Si entre sus planes próximos está adoptar un mexicano, siga los siguientes pasos, la idea es reforzar, desde la educación en casa, el comportamiento sexista que ya trae su mexicano desde nacimiento (la realidad cromosómica no se equivoca). Consideramos que el lenguaje es buen punto de partida, pues los cambios ahí después se proyectarán a la realidad.
Primer paso: elimine el uso del artículo femenino y sustitúyalo por el masculino. Es menester comenzar por palabras de peso en la historia de la humanidad, así, tendríamos: el verdad, el belleza, el bondad, por ejemplo.
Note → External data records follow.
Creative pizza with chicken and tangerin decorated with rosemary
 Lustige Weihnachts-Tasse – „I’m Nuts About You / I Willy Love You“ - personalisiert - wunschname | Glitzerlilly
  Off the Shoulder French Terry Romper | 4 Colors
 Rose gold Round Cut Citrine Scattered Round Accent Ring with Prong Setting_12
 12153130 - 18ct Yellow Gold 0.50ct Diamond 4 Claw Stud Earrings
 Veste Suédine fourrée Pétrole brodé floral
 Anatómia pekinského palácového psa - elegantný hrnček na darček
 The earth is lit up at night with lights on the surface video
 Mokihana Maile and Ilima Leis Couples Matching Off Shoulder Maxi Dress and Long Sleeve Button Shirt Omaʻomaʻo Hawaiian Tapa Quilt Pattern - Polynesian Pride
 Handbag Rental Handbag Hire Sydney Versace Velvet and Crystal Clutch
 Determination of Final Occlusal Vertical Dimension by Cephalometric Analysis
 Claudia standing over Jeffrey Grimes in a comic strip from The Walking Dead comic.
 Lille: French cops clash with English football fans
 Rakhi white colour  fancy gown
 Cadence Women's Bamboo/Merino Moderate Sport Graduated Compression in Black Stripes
Segundo paso: enséñele a su mexicano tonadillas pegajosas con pensamientos tomados del refranero tradicional, “La mujer y la sartén, en la cocina están bien”, por ejemplo, con el ritmo de La Marcha de Zacatecas, es una buena opción.
Tercer paso: sustituya todas las terminaciones en “a” por “o”. Así, tendrá el taquerío, el cenadurío, el salso, el birrio, los enchilados, los pizzos, etcétera. En aras de la congruencia, pues, su mexicano ya no será un machista, una feminista o un sexista sino un machisto, un feministo o un sexisto.
Preguntas frecuentes: ¿El mexicano es sexista? Sí. ¿El mexicano es sexual? No. ¿El mexicano es sexy? Depende.
Si fuera mujer, ten por seguro que serías de los últimos mexicanos que adoptaría. Una pena que, escribiendo aquí, seas representante de la gente de tu excelente país.
Sigue así, campeón, y bendita sea la mujer que tenga que lavarte los calzones.
No te hagas ilusiones, nadie va a decir “que se trata de otro ejemplo más de discriminación con base en rasgos de género o sexo”… lo tuyo sólo es un ejemplo de estupidez.